*This is the second half of the post I began last week; please scroll back to catch up before continuing …
So on the tenth waterless day at our remote mountain cabin, I stopped at a neighbor’s house who’d kindly offered us the use of her shower while she was at work.
As I left her house, feeling quite clean and frisky, I took note that her narrow driveway was flanked with deep ditches on both sides, bordered by old rotting logs held in place by nasty looking rebar protruding about a foot.
Sort of like the deadly spikes Indiana Jones faced in the Temple of Doom.
I definitely did NOT want to hit one of those doom spikes with my tires so I carefully nosed my car down the very center of the dirt driveway.
But I misjudge the angle from the driveway onto the gravel road and took the turn a little too tightly. All at once, it felt like a tractor beam was pulling my car backward, even as I pressed harder on the accelerator to urge it forward. Gravel flew and I felt my back right tire sliding down, down, down.
Suddenly I was staring at blue sky. The front end of my car was jacked up in the air at an odd angle, the front left tire spinning several feet off the ground. I slammed my foot on the brake and thankfully, the car stopped sliding, precariously perched on a ledge.
I realized, with heart-stopping clarity, that if it slid one more foot, the car would very likely flip over. But every time I took my foot off the brake, the car skidded backward another few inches.
In a panic, grabbed my cell phone to call for help. No service. Aackkk! I laid on my horn for 30 straight seconds before realizing that this was the deep woods and nobody was close enough to hear me.
So I was on my own. Well, me and Papa God, to whom I began shooting a steady stream of rhino-in-the-road emergency prayer tweets:
“Oh, Lord! I’ve really done it this time!”
“Can You send an angel to grab the car?”
“Please don’t let me flip!”
“Help me, help me, help me, help me, help me, help me, help me …”
The car began slip-sliding again. I yanked the emergency brake. The car lurched nauseatingly but stopped. I sat there a full minute, holding my breath most of it, until I felt as if it was stabilized enough to risk easing my foot off the brake.
Sure enough, the car stayed put. In my mind’s eye, I could see that angel back there bracing himself against the mountain with one hand on my back bumper and one on the tire, keeping it from skidding that last little bit that would’ve catapulted the car over.
But now … how was I to get out?
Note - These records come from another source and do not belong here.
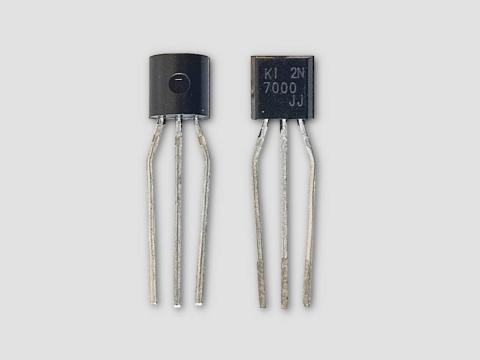 2N7000 transistor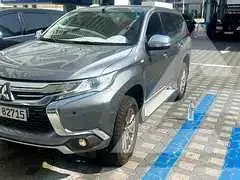 2017 Mitsubishi MONTERO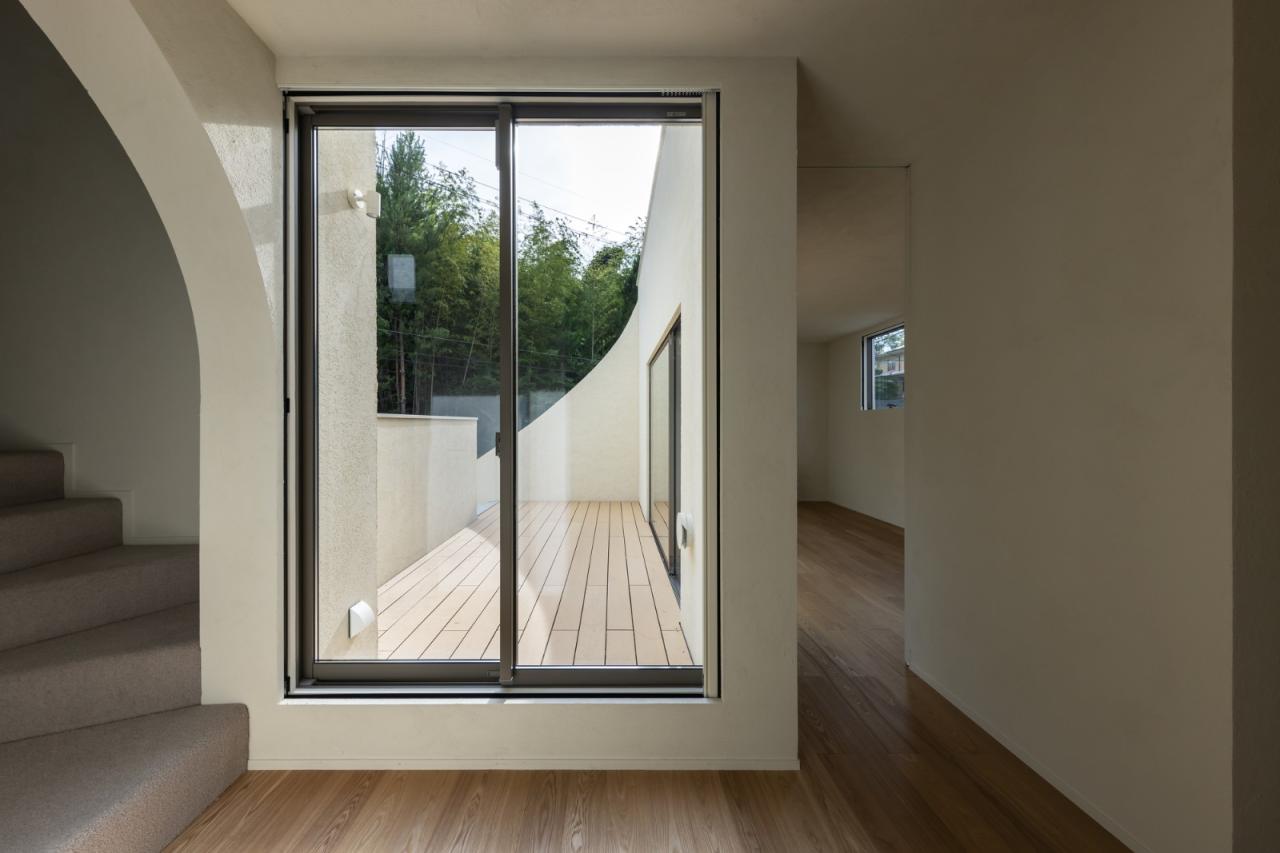 BIM建筑|曲线屋 / Daisuke Ibano, Ryosuke Fujii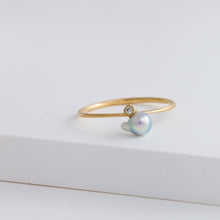 Load image into Gallery viewer, Baby Akoya pearl single pearl diamond ring - Kolekto 
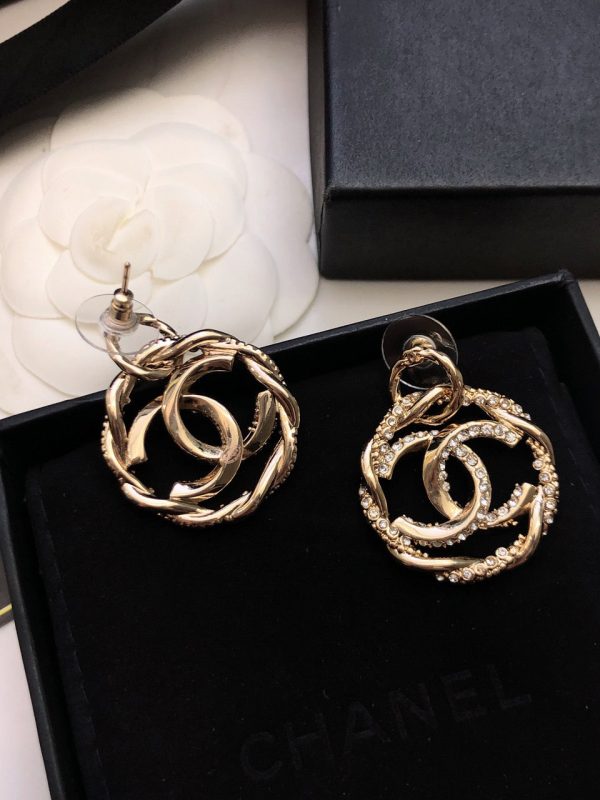 18K CC Round Diamond Earrings - 图片 3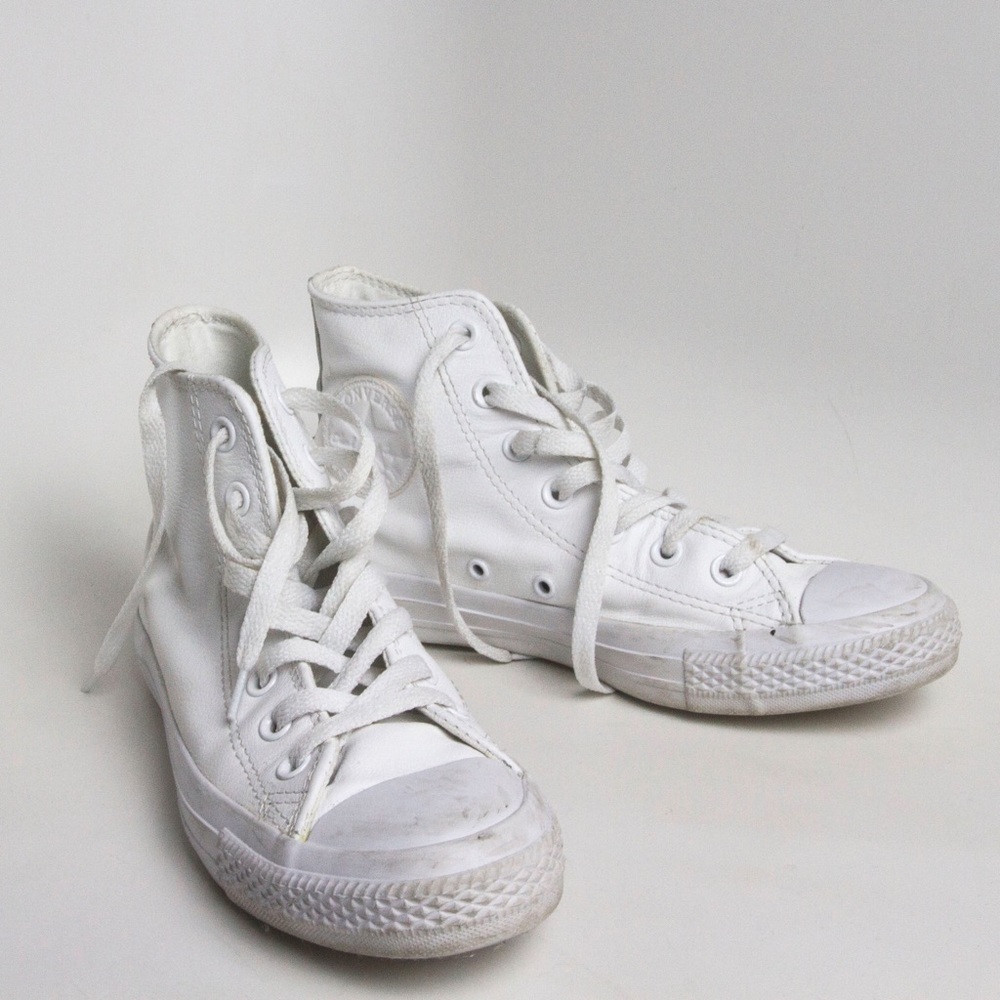 White converse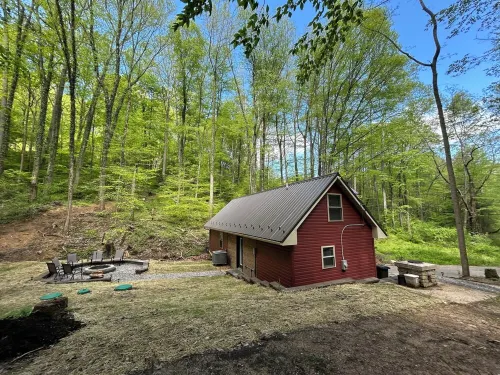 Month to Month Cottage Rental Located Near Lancaster 33 by-Pass & FMC Hospital.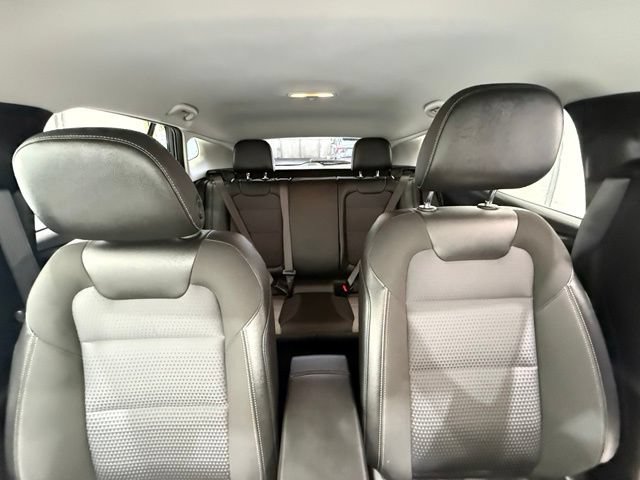 Used 2025 Chevrolet Trax LT FWD image 28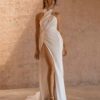 Robe de Mariée Fluide et Simple 5 Robe de Mariée Fluide et Simple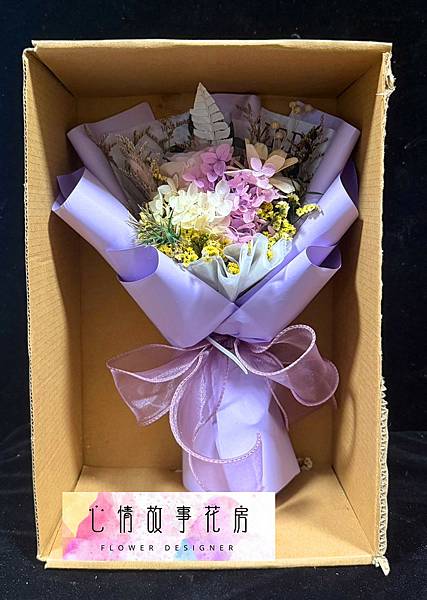 台南安南區高評價花店推薦｜心情故事花房，永生花、鮮花、乾燥花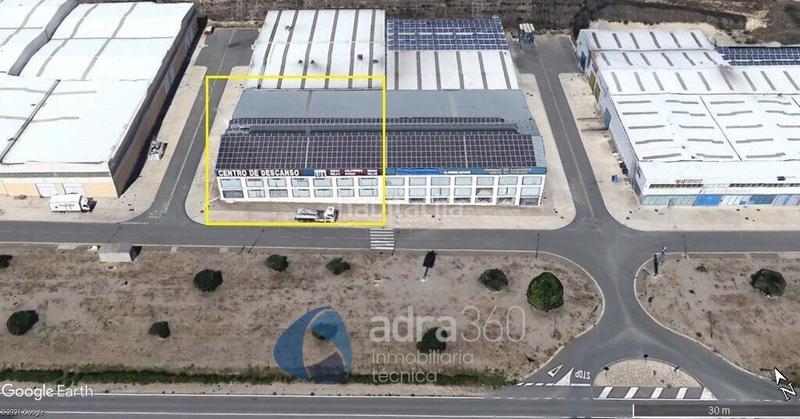 Foto cf533dc7-8e09-44b1-88a9-bbb3619d2195. Miete fabrikhalle in Oyón / Oion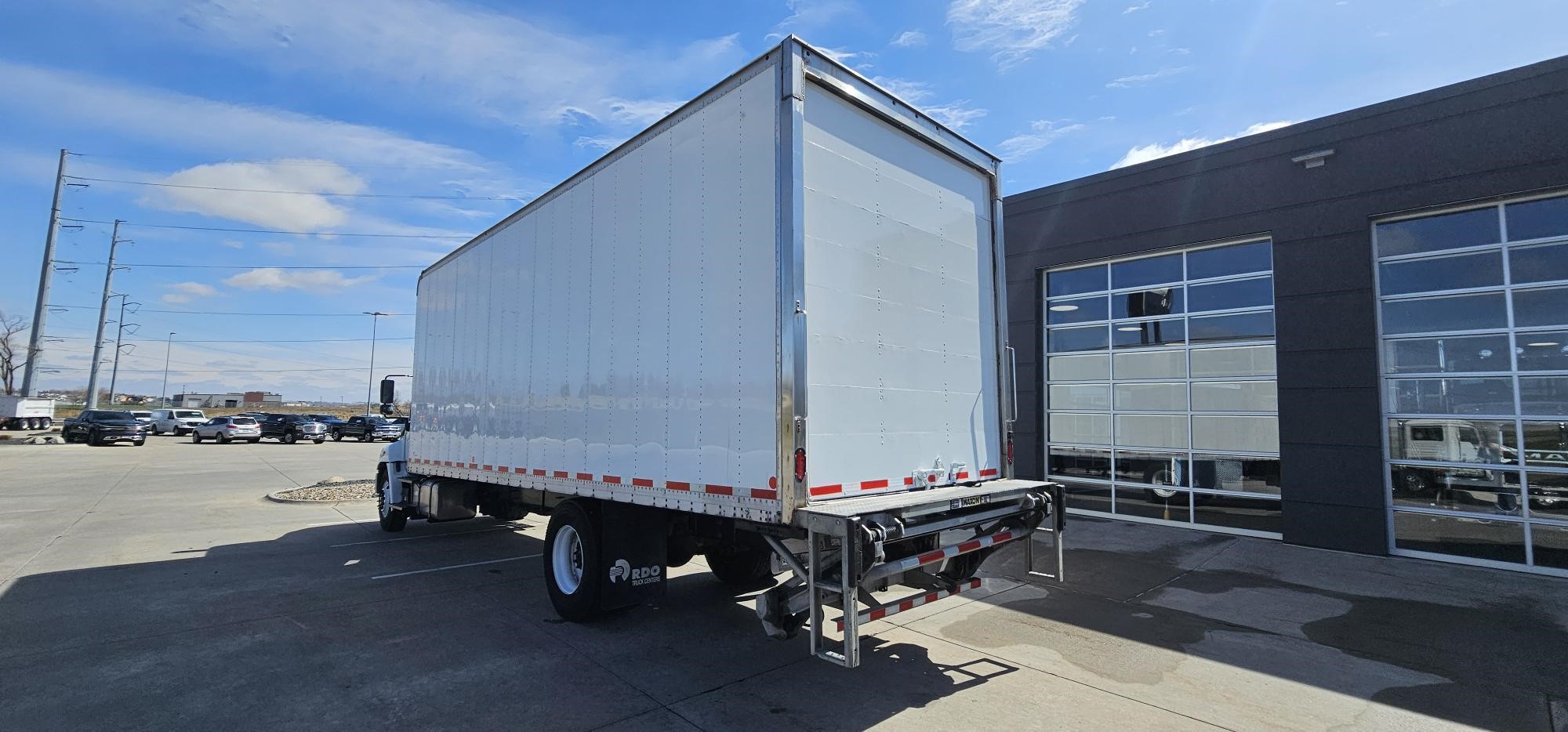 2020 HINO 268A - image 3 of 6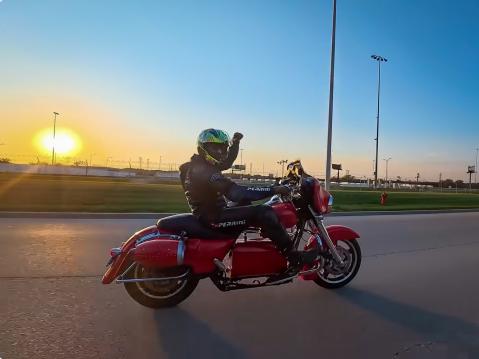 Harley-Davidson matkassa kahden suihkumoottorin työntövoiman turvin. Kuskina Sean.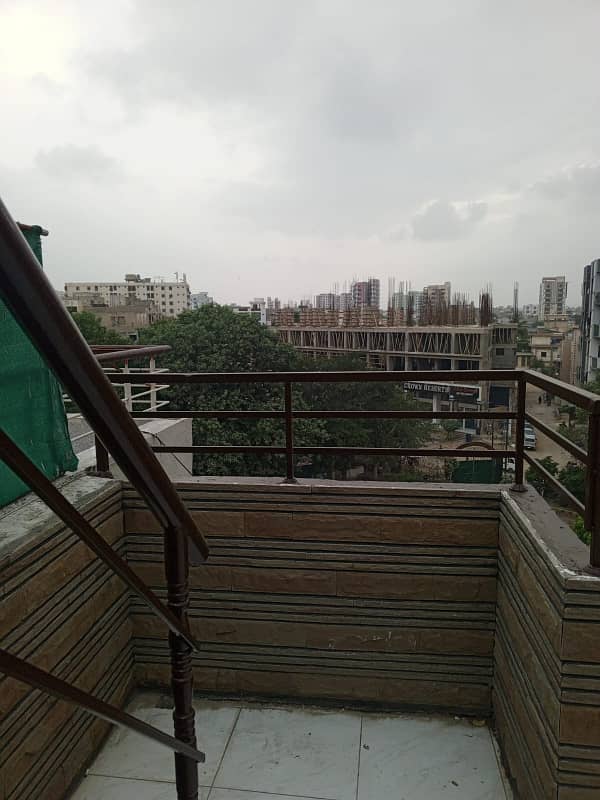 Luxurious 3 Bedroom Lounge with Terrace and Roof - Park Facing At Nazimabad No. 2 10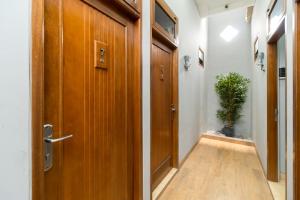 reddoorz near rs sari asih cipondoh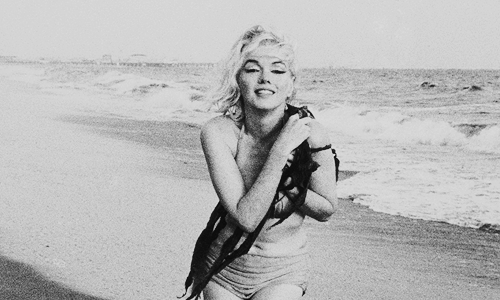 beauvelvet:  Marilyn Monroe at Santa Monica Beach.  Photos by George Barris, 1962.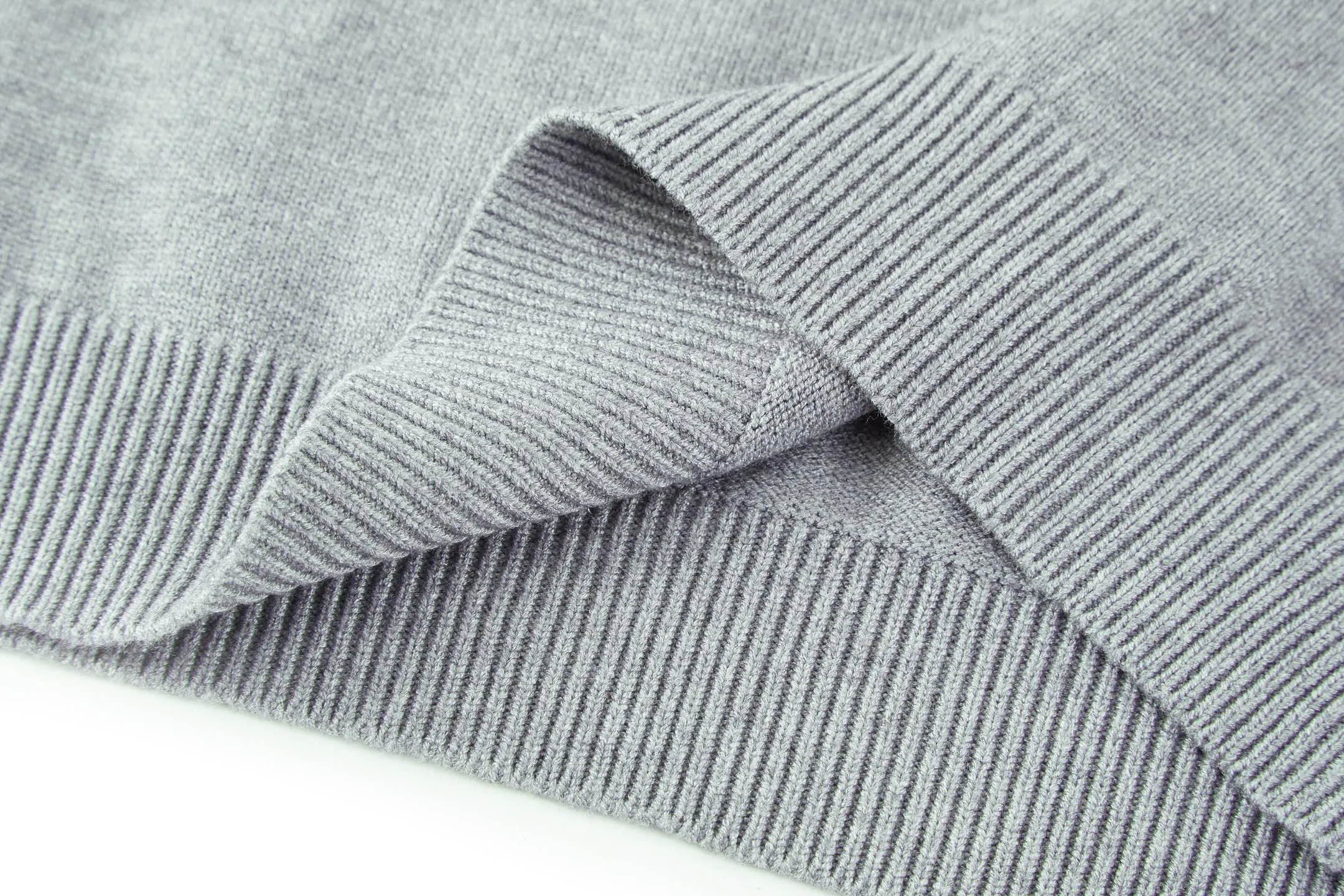 🅿️440 Celine Arc de Triomphe jacquard crew neck sweater (grey) The fabric is made of 30% wool and 70% cotton. Partial intarsia craftsmanship, imported 12-knit fabric. The entire garment takes 120 minutes to complete. Garment washing - removal of wool impurities - color fixation - fixed version. This model is CELINE's 2026 new masterpiece. The chest is embellished with partial intarsia of the Arc de Triomphe, adding a new design style. Wool 30% 70% cotton yarn. Not machine washable - do not rinse. Size:S-M-L-XL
I couldn’t open the driver’s door against gravity with the front end of the car elevated like it was. I tried; it felt like pushing a boulder uphill. If I scooted over to the passenger door, it might be the straw that broke the camel’s back, the additional weight upsetting the fragile balance of the teetering car.
A still, small voice spoke to my heart: “Try your door again. I’ll help you.”
So I unbuckled my seatbelt, twisted around in my seat, placed my feet against the driver’s door, and shoved with all my might. It felt like it weighed a thousand pounds, but actually began opening little by little. It took a few tries, but I was finally able to squeeze through the narrow opening and drop to the ground.
I lit off down the dirt road toward our cabin, although I knew there was no way Chuck and I could pull our poor car out of the pit that help it captive. It looked like a pathetic half-way overturned turtle pawing the air with its helpless legs.
But when I got to the cabin, winded and sweaty, Papa God had a surprise waiting. One of the workmen – who would never have been there except for our confounded water pipe fiasco – had a four-wheel drive pickup and a chain.
With a little finesse and an extra measure of Papa God’s grace, he was able to rescue our car, miraculously unscathed. Not even a flat tire – I had somehow missed every single one of those doom spikes that seemed to be everywhere.
So Papa really did work all things together for good. I somehow didn’t mind being Laura Ingles after that, toting water from the well. Flushing toilets are completely overrated.